Der Armutsbericht der Bundesregierung hat in den vergangenen Wochen für mächtig Ärger gesorgt. Während das Ausmaß von Armut den Liberalen teilweise zu drastisch dargestellt war, werfen Sozialverbände der Regierung Schönfärberei vor.

Es gibt wohl nur wenige Themen, bei denen statistische Daten nach Weltanschauung derart unterschiedlich interpretiert werden können. Anhand des Armutsberichts, den Arbeitsministerin Ursula von der Leyen (CDU) am Mittwoch vorstellte, und anderer Untersuchungen haben wir eine Reihe von gängigen Thesen zum Thema Arm und Reich überprüft.
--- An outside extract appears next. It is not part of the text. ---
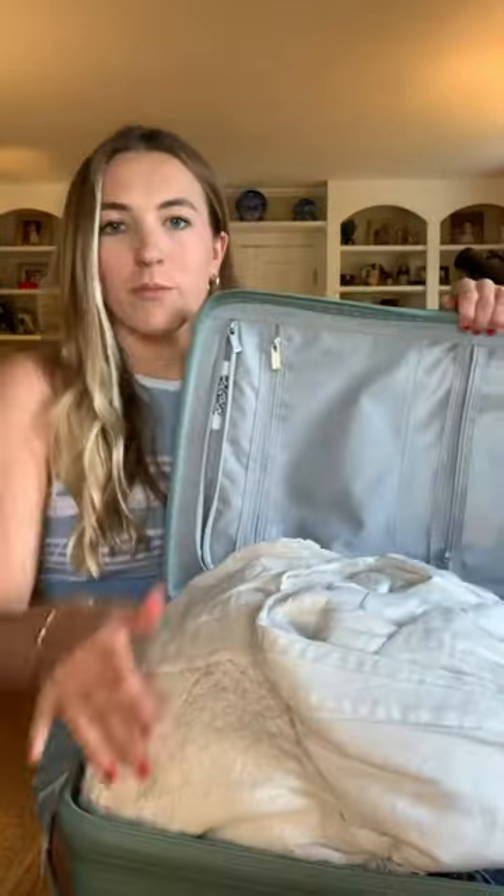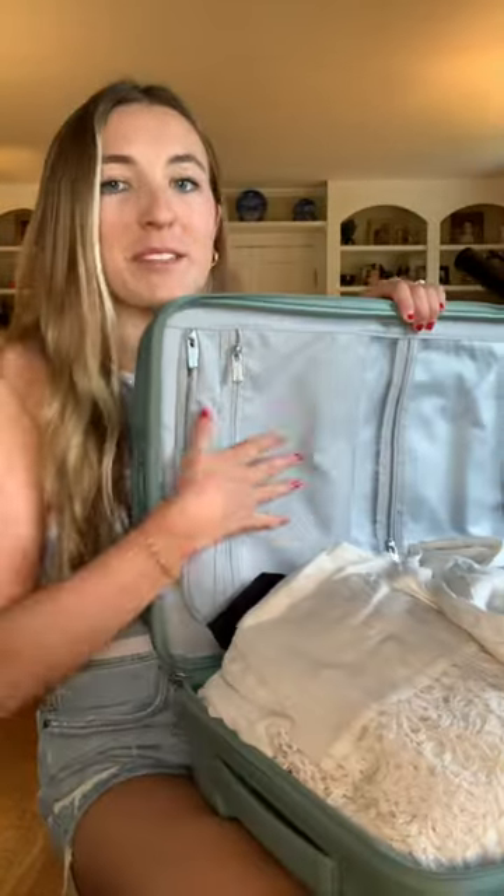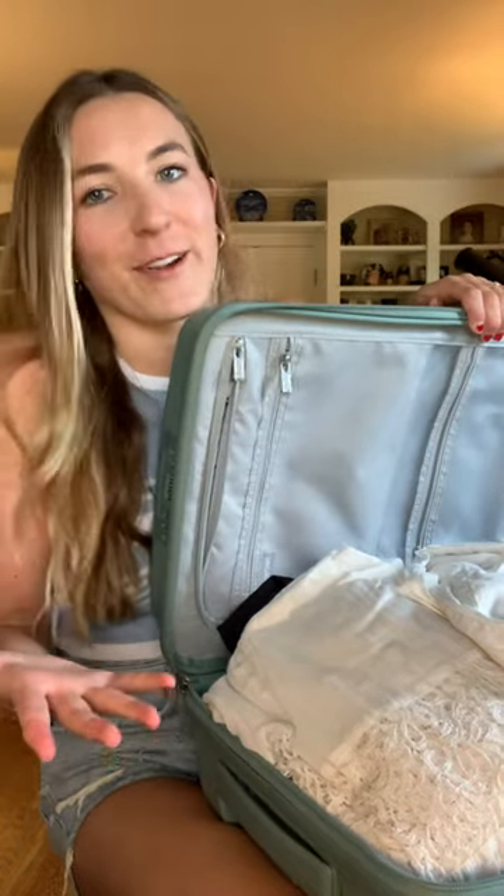If you're looking to get hard shell luggage, it tends to be a little bit tougher and might be a better choice if you tend to pack breakable items. Hard shell luggage tends to have a 50/50 clamshell split so you can pack each side equally.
Die Armut in Deutschland wächst

Diese gängige These ist offenkundig falsch. Der für viele Experten maßgeblichen EU-Definition zufolge lebt in relativer Armut, wer weniger als 60 Prozent des mittleren Einkommens in einem Industrieland verdient. Im Jahr 2010 war nach dieser Definition in Deutschland arm, wer als Single weniger als 993 Euro im Monat netto zur Verfügung hatte. Für ein Ehepaar mit zwei Kindern betrug die Einkommensgrenze 2086 Euro. Im Jahr 2011 lagen 15,1 Prozent aller Menschen in Deutschland unter diesen Werten, sechs Jahre vorher waren es dem Statistischen Bundesamt zufolge 14,7 Prozent. Seit 2005 stagniert demnach die Zahl der Menschen, die nach der EU-Definition als relativ arm oder armutsgefährdet gelten.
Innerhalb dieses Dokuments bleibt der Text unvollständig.